De leden van de GroenLinks-fractie lezen dat de aanvullende middelen nu ook verstrekt kunnen gaan worden bij bijzondere omstandigheden die in redelijkheid niet binnen de rijkbijdrage en ook niet binnen de normale bedrijfsvoering kunnen worden opgevangen. De reden is dat niet incidenteel naar dekking hoeft te worden gezocht en de OCW-begroting op dit punt beter voorspelbaar wordt. De leden vragen of er, nu blijkt dat de aanvullende middelen apart per wet beschikbaar gesteld moeten worden, ook gekeken is naar mogelijkheden om het landelijk budget voor mbo-instellingen structureel te verhogen. Zo ja, op welke manier en zo nee, waarom niet? De voornoemde leden maken zich grote zorgen over het voorstel om de verstrekte aanvullende middelen geheel of gedeeltelijk in mindering te brengen op de rijksbijdrage in latere jaren. De regering geeft aan dat er nog geen duidelijkheid is of de gereserveerde en niet-bestede middelen doorgeschoven kunnen worden en gaat uit van een scenario waar deze niet doorgeschoven kunnen worden, wat extra nadelig zou zijn voor de mbo-instellingen. Deze leden vragen of dit niet dreigt te leiden tot een glijdende schaal. Gesteld dat een mbo-instelling met de aanvullende middelen een noodzakelijk gat heeft gedicht en er zich wederom omstandigheden voordoen, waarbij het uiterste van het lumpsum-budget en het bedrijfsvoeringsbudget gevraagd moet worden, hoe wordt dan voorkomen dat de in mindering gebrachte rijksbijdrage daarbovenop niet de nekslag vormt voor financieel kwetsbare instellingen? Tevens vragen zij hoe een structureel liquiditeitsprobleem wordt voorkomen.

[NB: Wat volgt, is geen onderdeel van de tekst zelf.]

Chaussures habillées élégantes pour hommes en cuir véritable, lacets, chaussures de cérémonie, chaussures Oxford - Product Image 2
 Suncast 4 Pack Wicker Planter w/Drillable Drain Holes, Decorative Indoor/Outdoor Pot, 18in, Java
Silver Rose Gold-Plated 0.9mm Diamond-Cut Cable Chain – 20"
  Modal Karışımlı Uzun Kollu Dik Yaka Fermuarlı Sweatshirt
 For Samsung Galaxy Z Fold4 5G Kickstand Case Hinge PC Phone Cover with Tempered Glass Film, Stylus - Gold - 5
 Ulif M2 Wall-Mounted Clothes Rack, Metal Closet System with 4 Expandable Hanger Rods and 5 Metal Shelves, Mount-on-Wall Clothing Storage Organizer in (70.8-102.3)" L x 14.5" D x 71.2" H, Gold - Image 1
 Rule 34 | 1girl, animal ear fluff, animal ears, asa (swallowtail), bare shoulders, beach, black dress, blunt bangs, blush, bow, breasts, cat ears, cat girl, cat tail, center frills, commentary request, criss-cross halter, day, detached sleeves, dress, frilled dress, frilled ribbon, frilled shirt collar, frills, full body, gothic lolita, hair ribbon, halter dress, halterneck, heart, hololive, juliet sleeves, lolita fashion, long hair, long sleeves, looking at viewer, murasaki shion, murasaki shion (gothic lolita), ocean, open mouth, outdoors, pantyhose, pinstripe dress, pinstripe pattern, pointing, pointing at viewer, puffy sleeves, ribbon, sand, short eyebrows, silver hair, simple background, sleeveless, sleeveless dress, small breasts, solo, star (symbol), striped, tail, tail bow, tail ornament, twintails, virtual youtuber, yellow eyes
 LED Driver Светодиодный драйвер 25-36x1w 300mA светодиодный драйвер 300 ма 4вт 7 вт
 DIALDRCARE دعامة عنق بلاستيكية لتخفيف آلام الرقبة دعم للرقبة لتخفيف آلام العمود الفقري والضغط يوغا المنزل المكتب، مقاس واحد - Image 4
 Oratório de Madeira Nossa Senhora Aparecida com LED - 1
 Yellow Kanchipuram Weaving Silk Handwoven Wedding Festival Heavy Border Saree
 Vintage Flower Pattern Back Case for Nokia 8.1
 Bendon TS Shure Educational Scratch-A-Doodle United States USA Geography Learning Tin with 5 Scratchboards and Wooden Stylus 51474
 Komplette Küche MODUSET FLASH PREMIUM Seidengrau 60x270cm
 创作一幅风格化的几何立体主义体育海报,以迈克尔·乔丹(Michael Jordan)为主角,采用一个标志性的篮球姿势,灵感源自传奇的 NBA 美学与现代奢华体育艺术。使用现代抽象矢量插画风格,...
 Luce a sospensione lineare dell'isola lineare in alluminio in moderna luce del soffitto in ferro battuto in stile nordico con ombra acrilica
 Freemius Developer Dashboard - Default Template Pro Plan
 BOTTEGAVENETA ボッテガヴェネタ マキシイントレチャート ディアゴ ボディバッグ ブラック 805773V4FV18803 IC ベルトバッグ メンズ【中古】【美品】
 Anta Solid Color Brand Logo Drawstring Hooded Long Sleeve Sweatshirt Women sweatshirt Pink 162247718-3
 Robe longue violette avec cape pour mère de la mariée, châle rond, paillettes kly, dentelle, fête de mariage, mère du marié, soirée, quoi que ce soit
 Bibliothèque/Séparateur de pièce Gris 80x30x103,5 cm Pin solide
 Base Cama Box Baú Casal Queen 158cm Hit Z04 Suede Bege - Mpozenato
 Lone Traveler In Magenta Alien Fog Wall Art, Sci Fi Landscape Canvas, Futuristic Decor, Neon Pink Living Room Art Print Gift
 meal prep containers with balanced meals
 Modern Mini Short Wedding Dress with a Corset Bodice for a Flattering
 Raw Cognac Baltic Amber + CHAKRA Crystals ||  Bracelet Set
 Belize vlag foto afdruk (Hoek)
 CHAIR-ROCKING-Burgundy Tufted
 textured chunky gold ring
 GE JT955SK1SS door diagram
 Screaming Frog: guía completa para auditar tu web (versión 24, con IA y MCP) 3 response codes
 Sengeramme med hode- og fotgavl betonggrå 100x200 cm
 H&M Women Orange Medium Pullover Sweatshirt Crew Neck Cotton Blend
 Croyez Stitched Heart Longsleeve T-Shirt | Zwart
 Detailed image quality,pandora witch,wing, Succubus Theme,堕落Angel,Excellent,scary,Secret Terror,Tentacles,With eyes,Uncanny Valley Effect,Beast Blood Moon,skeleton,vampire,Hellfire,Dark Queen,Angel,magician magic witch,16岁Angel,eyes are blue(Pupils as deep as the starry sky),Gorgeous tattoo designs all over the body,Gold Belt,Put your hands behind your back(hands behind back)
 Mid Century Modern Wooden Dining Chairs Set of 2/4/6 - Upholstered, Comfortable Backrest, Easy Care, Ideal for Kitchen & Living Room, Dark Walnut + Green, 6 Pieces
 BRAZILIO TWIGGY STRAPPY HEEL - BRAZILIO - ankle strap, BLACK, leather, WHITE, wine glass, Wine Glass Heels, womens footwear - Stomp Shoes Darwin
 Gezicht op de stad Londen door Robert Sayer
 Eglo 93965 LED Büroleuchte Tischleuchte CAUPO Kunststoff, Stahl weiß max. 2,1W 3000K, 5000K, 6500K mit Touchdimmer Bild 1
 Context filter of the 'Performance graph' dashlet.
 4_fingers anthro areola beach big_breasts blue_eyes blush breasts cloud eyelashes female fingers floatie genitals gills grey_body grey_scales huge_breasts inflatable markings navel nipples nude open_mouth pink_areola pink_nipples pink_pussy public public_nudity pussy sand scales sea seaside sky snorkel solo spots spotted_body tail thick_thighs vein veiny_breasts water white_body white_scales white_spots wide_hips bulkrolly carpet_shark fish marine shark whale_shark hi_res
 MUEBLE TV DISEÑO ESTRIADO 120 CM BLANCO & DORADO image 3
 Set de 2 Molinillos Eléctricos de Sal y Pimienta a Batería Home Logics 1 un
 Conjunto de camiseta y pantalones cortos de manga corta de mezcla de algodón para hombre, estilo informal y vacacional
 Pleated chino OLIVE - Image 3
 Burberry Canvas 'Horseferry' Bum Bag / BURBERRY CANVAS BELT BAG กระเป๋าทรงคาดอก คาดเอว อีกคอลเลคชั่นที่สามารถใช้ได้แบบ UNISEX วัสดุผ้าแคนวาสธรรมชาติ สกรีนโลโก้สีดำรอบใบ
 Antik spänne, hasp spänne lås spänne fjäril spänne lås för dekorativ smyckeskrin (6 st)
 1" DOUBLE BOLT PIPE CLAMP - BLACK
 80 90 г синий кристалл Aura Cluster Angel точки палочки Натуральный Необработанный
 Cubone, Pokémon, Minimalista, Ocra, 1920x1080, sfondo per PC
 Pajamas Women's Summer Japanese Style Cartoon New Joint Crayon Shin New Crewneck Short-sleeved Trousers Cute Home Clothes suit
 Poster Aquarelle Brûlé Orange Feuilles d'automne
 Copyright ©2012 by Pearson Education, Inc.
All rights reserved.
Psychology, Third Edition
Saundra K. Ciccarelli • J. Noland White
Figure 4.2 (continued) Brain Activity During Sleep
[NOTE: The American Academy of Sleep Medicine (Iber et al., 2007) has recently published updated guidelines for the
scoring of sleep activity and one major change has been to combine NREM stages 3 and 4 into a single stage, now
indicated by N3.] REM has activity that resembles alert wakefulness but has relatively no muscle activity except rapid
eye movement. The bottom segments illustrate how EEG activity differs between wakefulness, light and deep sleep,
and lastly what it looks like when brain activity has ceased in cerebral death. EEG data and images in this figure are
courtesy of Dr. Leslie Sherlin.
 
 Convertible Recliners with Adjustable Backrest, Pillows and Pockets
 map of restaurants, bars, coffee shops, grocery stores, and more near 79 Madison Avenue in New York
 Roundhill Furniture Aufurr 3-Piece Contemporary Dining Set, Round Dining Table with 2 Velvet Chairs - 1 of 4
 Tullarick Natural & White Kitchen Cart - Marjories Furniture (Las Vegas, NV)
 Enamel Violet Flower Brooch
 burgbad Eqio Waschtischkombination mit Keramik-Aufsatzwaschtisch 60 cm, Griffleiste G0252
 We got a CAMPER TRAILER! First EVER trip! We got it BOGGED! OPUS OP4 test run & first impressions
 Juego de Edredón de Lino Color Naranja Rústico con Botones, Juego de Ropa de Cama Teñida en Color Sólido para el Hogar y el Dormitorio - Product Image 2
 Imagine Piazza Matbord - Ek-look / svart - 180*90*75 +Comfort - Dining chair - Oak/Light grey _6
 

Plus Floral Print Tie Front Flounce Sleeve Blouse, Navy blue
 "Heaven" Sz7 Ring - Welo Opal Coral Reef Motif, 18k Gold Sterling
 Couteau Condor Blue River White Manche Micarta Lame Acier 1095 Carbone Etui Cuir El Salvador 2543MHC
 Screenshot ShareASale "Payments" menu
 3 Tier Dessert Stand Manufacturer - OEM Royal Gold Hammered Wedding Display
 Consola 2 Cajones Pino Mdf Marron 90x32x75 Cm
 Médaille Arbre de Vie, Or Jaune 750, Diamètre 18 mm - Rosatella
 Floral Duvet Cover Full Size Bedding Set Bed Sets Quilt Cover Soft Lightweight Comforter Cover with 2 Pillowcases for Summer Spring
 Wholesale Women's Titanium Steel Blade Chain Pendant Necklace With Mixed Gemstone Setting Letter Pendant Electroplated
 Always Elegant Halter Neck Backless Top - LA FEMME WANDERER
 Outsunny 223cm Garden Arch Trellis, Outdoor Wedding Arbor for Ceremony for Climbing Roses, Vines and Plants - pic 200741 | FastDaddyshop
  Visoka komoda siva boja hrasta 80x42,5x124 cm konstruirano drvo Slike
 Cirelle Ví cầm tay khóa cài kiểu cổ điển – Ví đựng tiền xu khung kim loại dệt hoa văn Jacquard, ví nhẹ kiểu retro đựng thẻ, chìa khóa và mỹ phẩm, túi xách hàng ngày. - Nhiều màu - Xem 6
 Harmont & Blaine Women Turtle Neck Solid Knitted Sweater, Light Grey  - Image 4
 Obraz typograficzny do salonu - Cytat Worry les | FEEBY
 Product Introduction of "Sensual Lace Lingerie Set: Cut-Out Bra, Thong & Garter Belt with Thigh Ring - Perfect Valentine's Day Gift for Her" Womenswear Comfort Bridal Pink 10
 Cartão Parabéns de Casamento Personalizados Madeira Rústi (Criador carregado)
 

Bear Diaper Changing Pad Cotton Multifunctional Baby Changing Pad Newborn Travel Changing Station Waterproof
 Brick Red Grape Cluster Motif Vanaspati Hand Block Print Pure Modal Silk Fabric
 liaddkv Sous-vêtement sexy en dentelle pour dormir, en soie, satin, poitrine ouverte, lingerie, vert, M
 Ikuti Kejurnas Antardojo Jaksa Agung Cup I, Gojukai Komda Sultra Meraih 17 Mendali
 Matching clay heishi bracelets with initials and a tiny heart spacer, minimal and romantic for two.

De leden lezen in een voorbeeld van bijzondere omstandigheden over de mogelijkheid tot extra bekostiging wanneer een instelling onevenredig groeit in aantal studenten. De regering tekent hierbij aan dat «de instelling zelf geen actief beleid heeft gevoerd om – ten koste van andere mbo-instellingen – te groeien. De voornoemde leden vragen hoe dit te rijmen is met de eerder genoemde groei ten gevolge van de vraag vanuit het bedrijfsleven / stimulering door bijvoorbeeld het techniekpact die géén belemmering vormt om in aanmerking te komen voor deze middelen. Hoe gaat de regering dit onderscheid vaststellen? Ook vragen zij of het niet logisch is dat een mbo-instelling ook een onevenredig grote groei zal kennen indien deze – terecht – in haar wervingsactiviteiten wijst op de praktische voordelen van een bij die instelling te volgen opleiding. Gaat dat niet automatisch ten koste van mbo-instellingen die deze opleidingen niet (kunnen) bieden, zo vragen de voornoemde leden.
Tenslotte vragen de leden of de regering de intentie heeft om de aanvragen zowel als de uiteindelijke toegekende aanvullende middelen in verband met bijzondere omstandigheden, openbaar te maken, zo nee, waarom niet en zo ja, op welke manier.
De leden van de CDA-fractie willen graag weten waarom op Saba en Sint Eustatius geen mbo-onderwijs meer wordt gegeven en overgestapt is naar het CVQ2-onderwijs.